主人公の智恵子を演じた宮下さんが素晴らしい。彼女が自分の意志を貫き、どんどん突き進む姿が、冒頭から全編を貫く自転車を使った躍動感のある描写に象徴されて描かれていく。圧倒的だ。
芝居は、視点を2つにすることで、より確かな客観性を獲得した。2人がひとりだったことがわかるラスト付近のオチもシャープだ。智恵子を見守る女中(澤井里依)の目線から描かれる部分が全体の流れに弾みをつける。
男目線の『智恵子抄』を女性の(しかも、複眼の)視点から捉え直す。エネルギッシュで力強い智恵子の生き方にスポットをあてる。女だから、というだけで差別される時代のなかで、自分を貫く。

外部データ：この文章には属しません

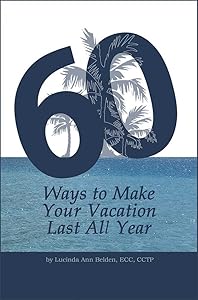 60 Ways to Make your Vacation Last All Year: Break the ‘work – vacation – work’ cycle. by Lucinda Belden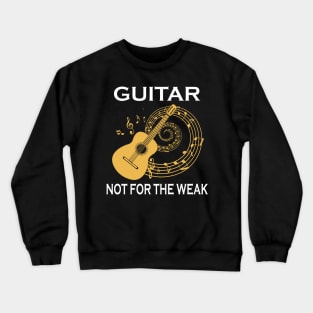 Guitar Not For The Weak Crewneck Sweatshirt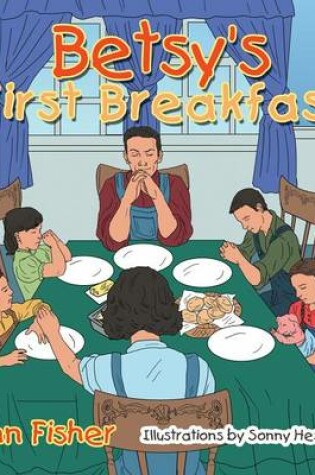 Cover of Betsy's First Breakfast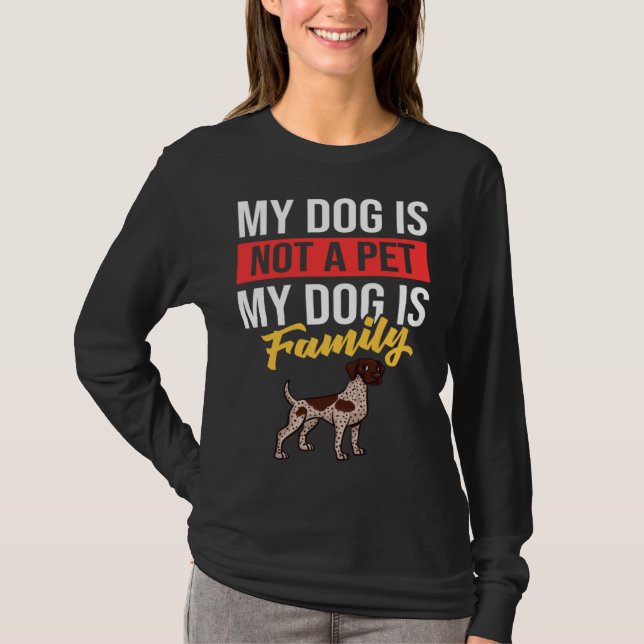 German Shorthaired Pointer Dog  Puppies Owner   1 T-Shirt (Vorderseite)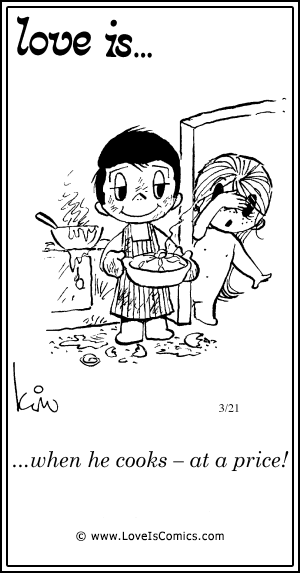 Love Is... when he cooks - at a price!
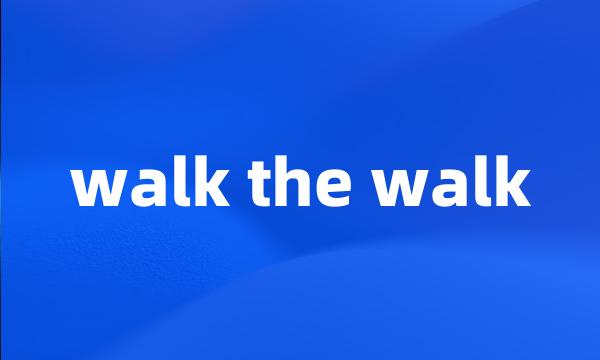 walk the walk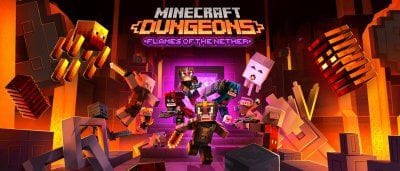 Minecraft Dungeons : le DLC Les Fammes du Nether et une mise à jour gratuite lancés en vidéo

直接は登場しない光太郎(土本ひろきによるナレーションが、何度か、入る)のずるさ、弱さとの対比も鮮やか。智恵子の心が壊れていく過程で、本来なら彼女を支えるはずの光太郎が実は彼女をダメにしていくという展開にドキドキさせられる。ラストでは、もう『レモン哀歌』は使われないのではないか、と思わせるほどだ。だが、そんな心配は見事に裏切られる。彼女によって語られるあの詩は、この芝居のハイライトになる。しかし、それは別の意味での哀切さを奏でる。見事なエンディングだ。